Du reste, l’imagination, jusqu’ici une simple collection, devient une faculté avec le sujet, tandis que la collection elle-même se change en système; autrement dit, le donné rassemblé sous un ensemble via les principes d’association est repris par l’imagination comme faculté de manière à surpasser le donné. C’est alors que l’esprit devient nature humaine; du même coup, nous comprenons pourquoi le sujet s’avère une synthèse de l’esprit par le biais de la croyance et de l’invention. Et de même que l’imagination se change en faculté, la succession temporelle se change en durée – idée plutôt bergsonienne (!). Aux côtés de la durée, nous pouvons également parler d’habitude (poussée du passé) et d’attente (élan vers l’avenir). Par ailleurs, Deleuze ne cache pas que l’habitude et l’attente constituent une mémoire bergsonienne, se livrant à une libre interprétation de la pensée humienne. Puis, il précise que l’habitude est à entendre comme la racine constituante du sujet – celui-ci étant une synthèse du temps, c’est-à-dire du présent et du passé en vue de l’avenir.
Ensuite, Deleuze affirme que l’attente est la seule synthèse productive, inventive – et plus spécifiquement créatrice. Ainsi l’avenir est-il lié à la puissance inventive propre à la subjectivité; de fait, c’est dans l’avenir que le sujet se réfléchit et, par suite, dépasse sa partialité et son avidité immédiate via l’instauration d’institutions qui rendent possible un accord entre les sujets. Quant à la croyance – l’autre puissance de la subjectivité – elle est l’unité dynamique du présent (tendance) et du passé (habitude) – cette synthèse constituant en même temps l’avenir. À des fins d’adaptation au présent, l’expérience passée fait ainsi office de règle de l’avenir. Bref, la croyance résultant du passé permet l’invention dans l’avenir. Et cela est rendu possible par le passage de la Nature à la nature humaine – par la transformation de la mémoire de l’esprit en habitude du sujet. Jusqu’ici, le temps était la structure de l’esprit. Voilà maintenant qu’il est une synthèse liée de près à la croyance ainsi qu’à l’invention du sujet. Tout part du donné dans le présent, lieu des tendances; puis, le passé se constitue dans l’expérience à travers les habitudes, la répétition de cas semblables, devenant alors l’objet d’une observation. Présent et passé s’associent enfin grâce aux principes en une synthèse du temps, donnant lieu à un élan vers l’avenir comme véritable lieu de la création. Le temps comme structure est naturel; le temps synthétisé relève de la nature humaine.
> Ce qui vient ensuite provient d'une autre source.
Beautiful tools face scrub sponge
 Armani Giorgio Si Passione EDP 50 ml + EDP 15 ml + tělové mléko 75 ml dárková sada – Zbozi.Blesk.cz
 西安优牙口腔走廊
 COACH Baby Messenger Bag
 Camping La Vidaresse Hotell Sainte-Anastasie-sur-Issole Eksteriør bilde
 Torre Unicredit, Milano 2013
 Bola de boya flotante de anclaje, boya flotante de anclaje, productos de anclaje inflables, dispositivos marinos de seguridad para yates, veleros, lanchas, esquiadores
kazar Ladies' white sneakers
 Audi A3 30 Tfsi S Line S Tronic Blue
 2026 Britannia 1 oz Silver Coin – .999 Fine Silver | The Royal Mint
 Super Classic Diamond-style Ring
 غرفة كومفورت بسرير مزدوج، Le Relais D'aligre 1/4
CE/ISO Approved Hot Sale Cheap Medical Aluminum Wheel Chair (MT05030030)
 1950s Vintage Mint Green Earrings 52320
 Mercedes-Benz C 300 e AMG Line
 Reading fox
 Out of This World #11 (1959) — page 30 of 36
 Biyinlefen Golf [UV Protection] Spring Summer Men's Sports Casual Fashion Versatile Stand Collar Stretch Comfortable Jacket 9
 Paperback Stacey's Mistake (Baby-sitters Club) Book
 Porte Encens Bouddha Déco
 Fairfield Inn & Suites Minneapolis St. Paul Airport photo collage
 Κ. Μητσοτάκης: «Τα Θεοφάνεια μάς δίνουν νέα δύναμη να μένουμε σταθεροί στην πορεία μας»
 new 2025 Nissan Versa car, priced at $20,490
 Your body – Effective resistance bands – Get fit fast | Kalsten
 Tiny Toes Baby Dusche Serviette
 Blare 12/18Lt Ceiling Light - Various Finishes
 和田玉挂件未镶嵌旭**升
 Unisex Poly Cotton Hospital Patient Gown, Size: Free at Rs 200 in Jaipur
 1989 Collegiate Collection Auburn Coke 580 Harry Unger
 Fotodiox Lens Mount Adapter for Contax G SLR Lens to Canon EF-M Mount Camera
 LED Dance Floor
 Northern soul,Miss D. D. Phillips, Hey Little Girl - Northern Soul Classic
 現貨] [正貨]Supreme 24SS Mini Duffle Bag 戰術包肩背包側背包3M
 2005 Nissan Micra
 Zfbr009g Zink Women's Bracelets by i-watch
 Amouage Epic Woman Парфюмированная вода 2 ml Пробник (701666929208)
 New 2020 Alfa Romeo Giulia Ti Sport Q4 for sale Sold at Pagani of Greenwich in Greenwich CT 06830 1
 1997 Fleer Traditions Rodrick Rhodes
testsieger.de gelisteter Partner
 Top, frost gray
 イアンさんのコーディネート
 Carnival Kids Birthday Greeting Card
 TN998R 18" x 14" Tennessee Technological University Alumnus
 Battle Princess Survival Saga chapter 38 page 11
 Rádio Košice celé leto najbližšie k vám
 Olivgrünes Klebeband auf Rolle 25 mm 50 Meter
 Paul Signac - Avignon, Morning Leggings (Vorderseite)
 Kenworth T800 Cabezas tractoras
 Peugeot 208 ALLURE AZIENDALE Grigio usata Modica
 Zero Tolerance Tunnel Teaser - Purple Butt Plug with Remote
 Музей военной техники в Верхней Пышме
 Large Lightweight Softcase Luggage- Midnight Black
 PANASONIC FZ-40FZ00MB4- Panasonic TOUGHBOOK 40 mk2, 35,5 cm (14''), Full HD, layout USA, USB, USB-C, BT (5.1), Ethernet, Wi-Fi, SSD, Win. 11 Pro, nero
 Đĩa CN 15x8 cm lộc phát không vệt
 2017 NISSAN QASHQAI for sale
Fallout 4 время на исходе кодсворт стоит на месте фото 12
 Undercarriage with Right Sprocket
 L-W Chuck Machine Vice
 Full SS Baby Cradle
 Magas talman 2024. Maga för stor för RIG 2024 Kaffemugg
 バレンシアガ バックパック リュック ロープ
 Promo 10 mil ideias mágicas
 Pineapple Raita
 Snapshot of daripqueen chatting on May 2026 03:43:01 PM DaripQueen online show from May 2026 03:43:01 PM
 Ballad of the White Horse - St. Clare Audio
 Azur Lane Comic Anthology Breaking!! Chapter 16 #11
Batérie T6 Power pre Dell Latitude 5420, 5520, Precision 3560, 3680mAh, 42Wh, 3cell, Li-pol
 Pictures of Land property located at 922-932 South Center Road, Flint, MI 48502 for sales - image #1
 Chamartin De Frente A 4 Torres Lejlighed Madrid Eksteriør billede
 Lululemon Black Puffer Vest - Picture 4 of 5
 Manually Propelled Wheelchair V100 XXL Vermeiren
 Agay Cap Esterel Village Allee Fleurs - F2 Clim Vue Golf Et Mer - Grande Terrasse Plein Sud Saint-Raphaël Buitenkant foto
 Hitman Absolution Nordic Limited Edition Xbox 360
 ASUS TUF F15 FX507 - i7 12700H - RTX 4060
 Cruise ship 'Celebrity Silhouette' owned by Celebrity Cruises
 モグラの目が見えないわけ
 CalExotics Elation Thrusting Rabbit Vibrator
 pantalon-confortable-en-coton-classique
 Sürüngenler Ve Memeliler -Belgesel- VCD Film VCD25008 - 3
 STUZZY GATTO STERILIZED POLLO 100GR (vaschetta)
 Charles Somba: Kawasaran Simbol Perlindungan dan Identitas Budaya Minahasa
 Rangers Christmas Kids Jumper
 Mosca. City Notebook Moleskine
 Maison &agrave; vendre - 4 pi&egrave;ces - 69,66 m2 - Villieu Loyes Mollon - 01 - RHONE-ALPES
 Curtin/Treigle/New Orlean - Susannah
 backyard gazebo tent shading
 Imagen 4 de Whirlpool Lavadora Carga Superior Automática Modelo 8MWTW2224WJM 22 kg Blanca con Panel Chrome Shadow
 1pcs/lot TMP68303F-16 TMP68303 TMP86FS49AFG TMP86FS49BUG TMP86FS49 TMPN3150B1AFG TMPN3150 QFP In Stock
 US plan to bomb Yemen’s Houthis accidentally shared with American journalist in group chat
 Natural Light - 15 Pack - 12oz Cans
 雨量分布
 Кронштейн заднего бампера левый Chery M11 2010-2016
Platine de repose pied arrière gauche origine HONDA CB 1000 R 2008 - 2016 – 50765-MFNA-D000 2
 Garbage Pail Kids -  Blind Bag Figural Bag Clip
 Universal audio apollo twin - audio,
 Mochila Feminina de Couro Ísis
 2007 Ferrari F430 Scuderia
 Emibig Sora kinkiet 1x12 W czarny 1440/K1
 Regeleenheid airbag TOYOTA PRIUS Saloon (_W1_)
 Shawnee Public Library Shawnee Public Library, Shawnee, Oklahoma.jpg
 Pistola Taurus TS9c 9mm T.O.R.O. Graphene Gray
Deleuze propose alors une nouvelle définition de l’entendement humien : c’est l’esprit qui, sous l’influence du principe de l’expérience, réfléchit le temps comme un passé soumis à son observation. De manière analogue, l’imagination est l’esprit qui, sous le principe de l’habitude, réfléchit le temps comme un avenir déterminé, rempli par ses attentes. D’un côté, l’entendement observant le passé; de l’autre, l’imagination se faisant des attentes quant à l’avenir. Le rapport entre les deux forme la croyance. Il en découle une double spontanéité. D’abord, une spontanéité des relations : les idées sont associées dans l’esprit; et dans le corps, c’est le mécanisme des différentes perceptions qui se trouvent recoupé, cette fois par une spontanéité physique des relations. Et puis, il y a une spontanéité de disposition : les impressions de sensation composent seulement l’esprit tout en lui donnant une origine, tandis que les impressions de réflexion composent le sujet dans l’esprit – qualifiant en fait celui-ci comme sujet. C’est alors que l’organisme se trouve disposé à engendrer des passions : faim, soif, désir sexuel, amour, haine, orgueil, etc. Aucune disposition corporelle ne correspond à ces passions. Ce sont les principes de la nature humaine qui ont transformé l’esprit en un sujet susceptible d’éprouver des passions.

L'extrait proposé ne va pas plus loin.